- THE DATA:
####################
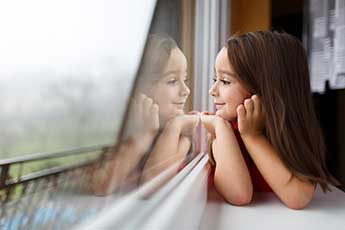 girl wondering about types of double glazing 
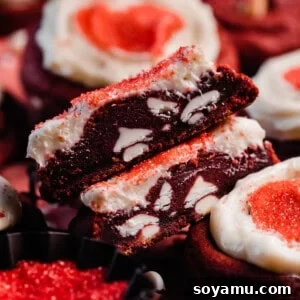 Two halves of a frosted red velvet cookie, showing the rich, fudgy insides and creamy frosting, indicating a perfect texture.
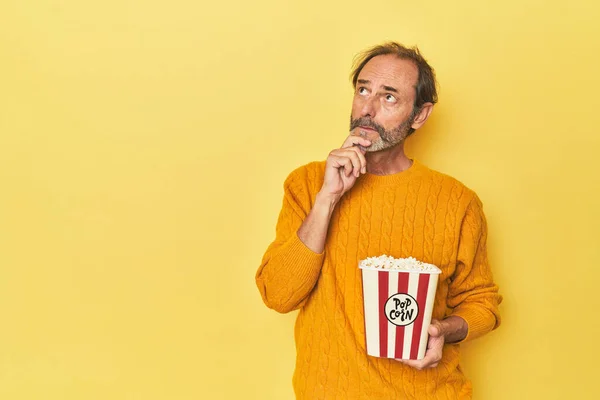 Man Enjoying Popcorn Yellow Studio Looking Sideways Doubtful Skeptical Expression — Stock Photo, Image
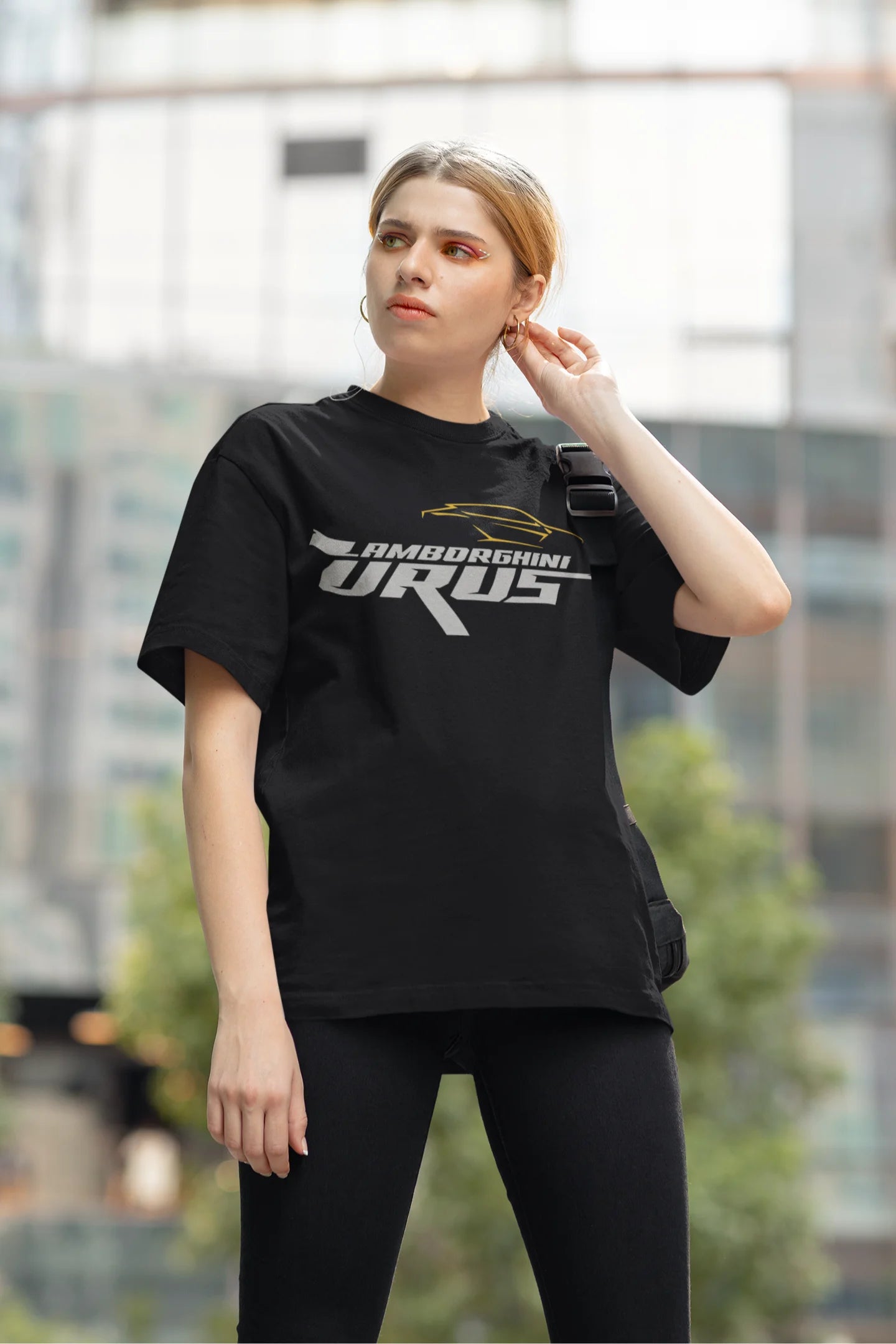 Another front view of a female model wearing a black oversized t-shirt featuring a design of a Lamborghini Urus.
####################
- ACTION ITEM: Once the pictures are set aside, give the rest of the listing again exactly.

- SOLUTION:
 girl wondering about types of double glazing 
 Two halves of a frosted red velvet cookie, showing the rich, fudgy insides and creamy frosting, indicating a perfect texture.
 Man Enjoying Popcorn Yellow Studio Looking Sideways Doubtful Skeptical Expression — Stock Photo, Image
 Another front view of a female model wearing a black oversized t-shirt featuring a design of a Lamborghini Urus.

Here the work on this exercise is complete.